# Bios settings for new ram!



## reload (Jun 21, 2005)

I bought some new ram for my motherboard a ASUS P4P800 Deluxe. How do you go about in your bios to set it up? The ram is TWINX2048-3200C2 and I like to find out how to set the voltage and latency in my bois? Thanks for any help.
Reload
************************


----------



## dai (Jul 2, 2004)

set it to auto detect the ram


----------



## reload (Jun 21, 2005)

I checked my new ram and the frequency is 200MHZ,CAS#Latency 3.0, RAS# to CAS# 3, RAS# Precharge 3 and TRAS 8. Shouldn't the latency read lower than what it shows?


----------



## MunkyPhil (Apr 7, 2006)

Not necessarily, a Column Address Strobe (CAS) latency of 3 is pretty good, check the specification.

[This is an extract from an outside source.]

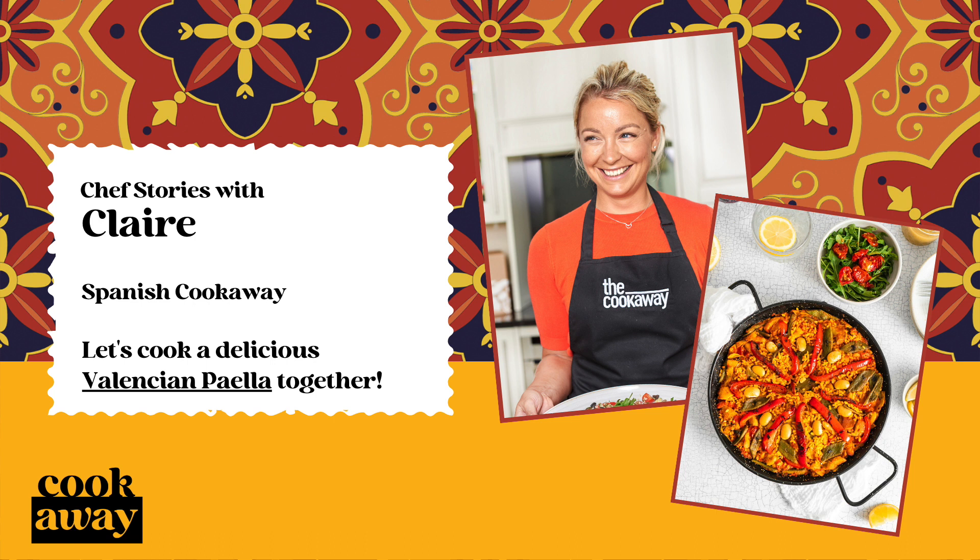Paella originates from the Valencian region of Spain, traditionally served with rabbit. Valencians are very proud of their heritage and would argue that you cannot call it paella if it does not have rabbit.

My RAM (<=check my spec) runs at different speeds for different RAM speeds, its CAS latency changes from 2.5 at 500MHz and 2.0 at 400MHz. I let my BIOS automatically sort out the best configuration for me and if I were you I'd do the same, if you're not experienced then you could potentially damage your RAM or worse, your motherboard.


----------



## reload (Jun 21, 2005)

Thanks MunkyPhil for the info! I don't know much about ram latency but will begin to do more research. Also that's funny about your dream about eating a 10lb marshmallow:laugh: .


----------